A common question lately has been “I’m considering planting cover crops into areas of corn and soybean fields with hail damage. What are my next steps?”
First, it’s important to consult your crop insurance provider to determine if you can do anything before the adjuster examines the field.
Next, look at your cover crop options, based on potential herbicide carryover from the previous crop and what your end goal is for the cover crop.
Herbicide carryover from the corn or soybean crop also can be a concern. Check out the herbicide carryover replant options in UNL Extension’s Guide for Weed Management with Insecticide and Fungicide Information on pages 160-171.
To determine if herbicide carryover is a concern for your fields, first check the herbicide label(s) for potential problems. If a rotation (waiting) interval is a concern, contact the chemical manufacturer and explain your conditions. Although the label is the law, companies have conducted extensive research on their products. Sometimes, they can give you a percentage survival chance for planting a crop within a cropping interval. Producers will assume the risk if the germination of the next crop is severely affected, but it may be worth a small calculated risk to potentially get a cover crop established.

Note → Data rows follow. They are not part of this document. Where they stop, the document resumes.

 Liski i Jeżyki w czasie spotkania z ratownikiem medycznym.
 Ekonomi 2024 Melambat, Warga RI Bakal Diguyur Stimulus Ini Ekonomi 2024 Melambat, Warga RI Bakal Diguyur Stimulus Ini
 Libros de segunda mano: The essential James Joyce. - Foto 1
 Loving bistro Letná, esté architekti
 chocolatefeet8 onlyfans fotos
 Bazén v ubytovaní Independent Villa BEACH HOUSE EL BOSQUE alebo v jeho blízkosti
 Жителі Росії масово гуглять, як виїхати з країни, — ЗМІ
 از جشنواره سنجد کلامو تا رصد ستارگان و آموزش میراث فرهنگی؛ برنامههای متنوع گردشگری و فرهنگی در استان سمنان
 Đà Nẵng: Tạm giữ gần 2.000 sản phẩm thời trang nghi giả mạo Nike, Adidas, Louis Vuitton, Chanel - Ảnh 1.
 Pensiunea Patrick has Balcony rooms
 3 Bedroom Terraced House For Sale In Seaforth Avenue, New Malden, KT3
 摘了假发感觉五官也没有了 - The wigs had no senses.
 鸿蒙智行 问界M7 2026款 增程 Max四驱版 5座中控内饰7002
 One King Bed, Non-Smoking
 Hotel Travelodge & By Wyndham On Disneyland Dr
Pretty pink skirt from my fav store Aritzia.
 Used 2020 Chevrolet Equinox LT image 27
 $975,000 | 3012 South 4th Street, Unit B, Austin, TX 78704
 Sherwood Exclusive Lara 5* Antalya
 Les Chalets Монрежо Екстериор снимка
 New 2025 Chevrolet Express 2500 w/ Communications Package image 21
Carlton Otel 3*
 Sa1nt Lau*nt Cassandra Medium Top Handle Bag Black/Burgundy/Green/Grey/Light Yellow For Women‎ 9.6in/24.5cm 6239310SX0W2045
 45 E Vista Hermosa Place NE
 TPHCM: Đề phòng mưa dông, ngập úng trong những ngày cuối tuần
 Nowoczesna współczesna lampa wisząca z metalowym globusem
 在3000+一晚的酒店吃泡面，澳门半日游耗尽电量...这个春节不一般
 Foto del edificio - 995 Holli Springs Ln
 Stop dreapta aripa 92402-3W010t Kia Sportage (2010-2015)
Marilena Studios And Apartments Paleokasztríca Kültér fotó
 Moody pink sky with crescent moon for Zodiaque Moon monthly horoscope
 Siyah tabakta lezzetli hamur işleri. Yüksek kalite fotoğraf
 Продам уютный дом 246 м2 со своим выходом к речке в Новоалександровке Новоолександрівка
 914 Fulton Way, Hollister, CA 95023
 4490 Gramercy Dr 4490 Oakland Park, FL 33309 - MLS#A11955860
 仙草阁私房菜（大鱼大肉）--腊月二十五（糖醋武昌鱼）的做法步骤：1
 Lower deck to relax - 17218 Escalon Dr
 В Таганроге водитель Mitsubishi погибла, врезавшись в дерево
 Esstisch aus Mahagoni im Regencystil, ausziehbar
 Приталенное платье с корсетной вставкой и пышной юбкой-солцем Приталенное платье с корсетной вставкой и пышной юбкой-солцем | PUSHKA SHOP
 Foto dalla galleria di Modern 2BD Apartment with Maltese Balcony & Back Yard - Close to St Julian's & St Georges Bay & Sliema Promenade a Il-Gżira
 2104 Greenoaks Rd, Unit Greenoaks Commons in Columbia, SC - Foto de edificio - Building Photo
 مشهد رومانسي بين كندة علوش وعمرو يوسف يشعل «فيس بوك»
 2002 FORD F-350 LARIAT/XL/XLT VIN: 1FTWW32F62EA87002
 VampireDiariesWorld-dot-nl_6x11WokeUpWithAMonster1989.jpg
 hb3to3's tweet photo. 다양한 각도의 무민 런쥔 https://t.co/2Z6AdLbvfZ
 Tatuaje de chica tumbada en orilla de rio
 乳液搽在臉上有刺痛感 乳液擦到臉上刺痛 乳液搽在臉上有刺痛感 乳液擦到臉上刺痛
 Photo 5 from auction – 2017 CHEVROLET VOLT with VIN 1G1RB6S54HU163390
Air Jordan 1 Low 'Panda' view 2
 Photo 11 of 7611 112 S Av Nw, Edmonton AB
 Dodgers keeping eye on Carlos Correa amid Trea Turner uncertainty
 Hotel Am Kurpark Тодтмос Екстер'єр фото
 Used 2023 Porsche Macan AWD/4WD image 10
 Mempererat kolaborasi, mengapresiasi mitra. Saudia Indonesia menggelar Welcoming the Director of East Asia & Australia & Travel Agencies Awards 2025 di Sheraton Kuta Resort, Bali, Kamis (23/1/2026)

Home germination tests also can be conducted. (Planting delays with cover crops, though, may be a concern). Simply take soil samples from the hailed fields and place into containers such as plastic cups with holes in the bottom. Plant about 20 seeds per cup of whichever cover crops you are interested in and wait 7-14 days to determine percent germination. If you don’t have seed, check a cover crop seed supplier to request some free seeds for testing.
Select Seed to Match Your Need
Know what your goal is for the cover crop in order to determine what to plant. Do you want to capture the nitrogen already in these fields? Both legume and non-legume cover crops can capture soil profile nitrogen in their plant tissues for release in subsequent seasons. Late summer or early fall seeded cover crops favor the brassicas (turnips; oilseed radishes including Tillage Radishes®; and canola) for nitrogen trapping for the next crop. Oats make a good complement to seed with the brassicas, since the oats provide quick, weed-suppressing biomass while taking up excess soil nutrients. These plants can survive a light frost and keep on growing.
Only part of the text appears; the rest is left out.